The declaration slammed the EU’s “complex” General Data Protection Regulation and pledged a “clampdown on bureaucracy, red tape and pointless paperwork” in order to “seize the benefits of Brexit.”

Small firms in the United Kingdom will no longer need to hire a data protection officer or complete “lengthy impact assessments.”

Instead of having to opt-in for the collection of cookies, which monitor users around the internet, users would be given the opportunity to opt-out. According to the government, the reform will reduce “the irritating boxes users currently see on every website.”

Prime Minister Boris Johnson will have to balance apparent opportunities with the risk of jeopardizing a key deal signed last year guaranteeing data flows between the UK and the continent, which has a clause allowing for regular reviews, as Britain departs from the bloc and faces legal action from Brussels for threatening the Northern Ireland protocol.

A DCMS spokeswoman said that as the Commission itself has made clear, EU adequacy decisions do not require countries to have the same rules. Our view is that these reforms are fully compatible with maintaining the free flow of personal data from Europe.

Researchers will not have to be as clear about why they’re gathering data if they depend on a previous authorization for “cancer research” rather than receiving a fresh approval for their particular study, according to the bill.

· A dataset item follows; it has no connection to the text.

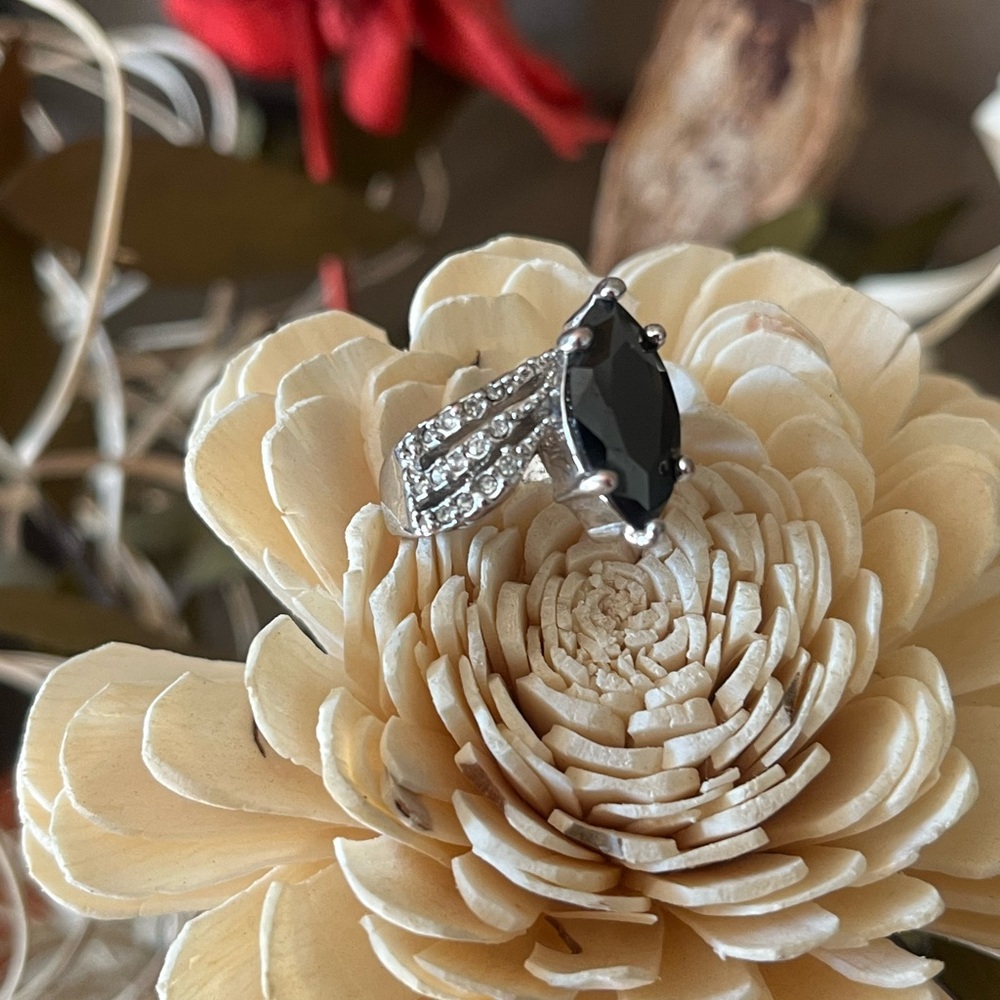 Stainless‎ Steel Black Oval Stone size 6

The government will also be able to impose more influence over the Information Commissioner’s Office, the country’s data watchdog. Before they are presented to Parliament, Culture Secretary Nadine Dorries will have to accept the statutory codes and recommendations.

According to Linklaters data lawyer Peter Church, the revisions appear “modest” and less likely than some past more radical ideas to jeopardize data adequacy.

This is hardly a surprise given data protection laws are now a global norm and the GDPR is the template upon which many of those laws are based, he said, adding though that it’s not clear how the new regime will adequately protect individuals from excessive and intrusive internet tracking.